That said, planners have done little to control the narrative. The profession remains filled with aging bureaucrats who are slow to adapt to modern platforms. While some have broken through, like City Nerd and The Happy Urbanist, most planning discussions still happen in committee meetings, journal articles, and dry conference panels. Meanwhile, YIMBYs and self proclaimed urbanists are shaping public perception of what planning is, and often, what it is not.
The Cost of Sprawl and the Myth of Choice
For all the arguments about density, car dependency, and zoning reform, one fact remains clear. Sprawl is expensive. Low density development costs more to maintain. New infrastructure subsidizes old suburban systems, creating a financial cycle that many cities cannot sustain. Urbanists often describe this as a Ponzi scheme.
Yet even in places like Portland, where zoning allows for greater density, the market does not always respond as expected. Development follows economic trends, financing realities, and local politics. The idea that zoning changes alone will transform cities overnight ignores the deeper structural barriers at play.
Developers are still building housing with abundant parking, even next to our light rail system, despite Oregon’s policy eliminating parking minimums within a half-mile of transit. I am also seeing prime land used for low-rise, four-story buildings when zoning allows for far greater height. This often happens because federal Davis-Bacon prevailing wage requirements make taller buildings significantly more expensive for nonprofits that receive federal funds from sources such as the HOME and Low-Income Housing Tax Credit programs. As a former affordable housing professional and current advocate, I see these patterns all the time. Many YIMBYs push for density without fully understanding the financial and regulatory forces that shape what actually gets built. While I do want restrictive planning to get out of the way, the market is extremely complicated.
YIMBYs often argue that the higher costs of urban living are balanced by lower spending on cars, as if choosing a denser lifestyle is simply a matter of preference. In reality, many people have little choice at all. High housing costs push them to the edges of cities. Job locations force long commutes. School closures eliminate walkable options. Daycares end up wherever they can find space. Limited transit leaves few alternatives. Decades of car-centric development have made sprawl the default, not a conscious choice.

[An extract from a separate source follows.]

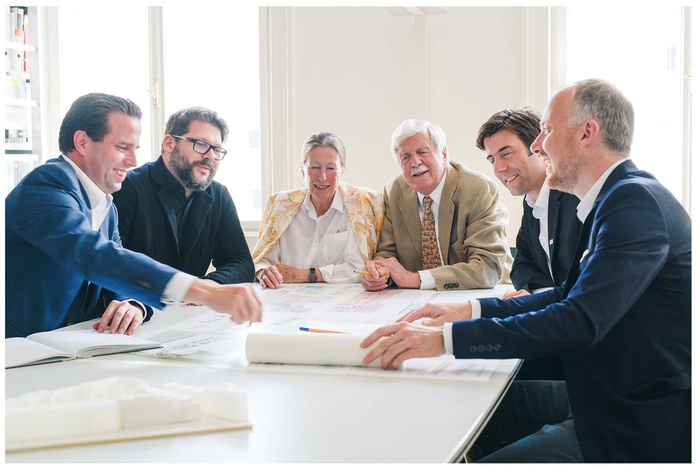 HOPPE Architekten - von links nach rechts: Christian Hoppe, Robert Neumayr, Andrea Hoppe, Diether Hoppe, Thomas Hoppe, Franz Schindler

Even in cities like Portland, where density is encouraged, housing costs remain high, leading to gentrification and neighborhoods that few can afford. Zoning reform has made way for denser housing, yet the market has been slow to deliver it at the scale needed. More housing and transit options are essential, but too often, YIMBYs mistake necessity for preference and overlook the deeper economic forces at play. Expanding supply alone does not guarantee affordability when land values, wages, and market pressures remain unchanged.
Beyond the Hashtags
The rise of online urbanism has done more than elevate land use debates. It has created a new wave of advocates who challenge outdated policies and push for smarter development. But slogans and hashtags are not enough. Real change takes time. Political structures move slowly. The path to better cities requires both vision and patience.
Planners know this better than anyone. We work within a system designed to resist sudden change. That does not mean change is impossible. It means the process is messy, layered, and often frustrating.
The most effective urbanism is not about winning arguments online. It is about showing up to city meetings, engaging local officials, and working within the constraints that exist. It is about shifting policies one step at a time while recognizing that progress does not happen overnight.
There is no perfect city. No single reform will solve everything. But the work continues, and planners, whether seen or unseen, will keep moving it forward.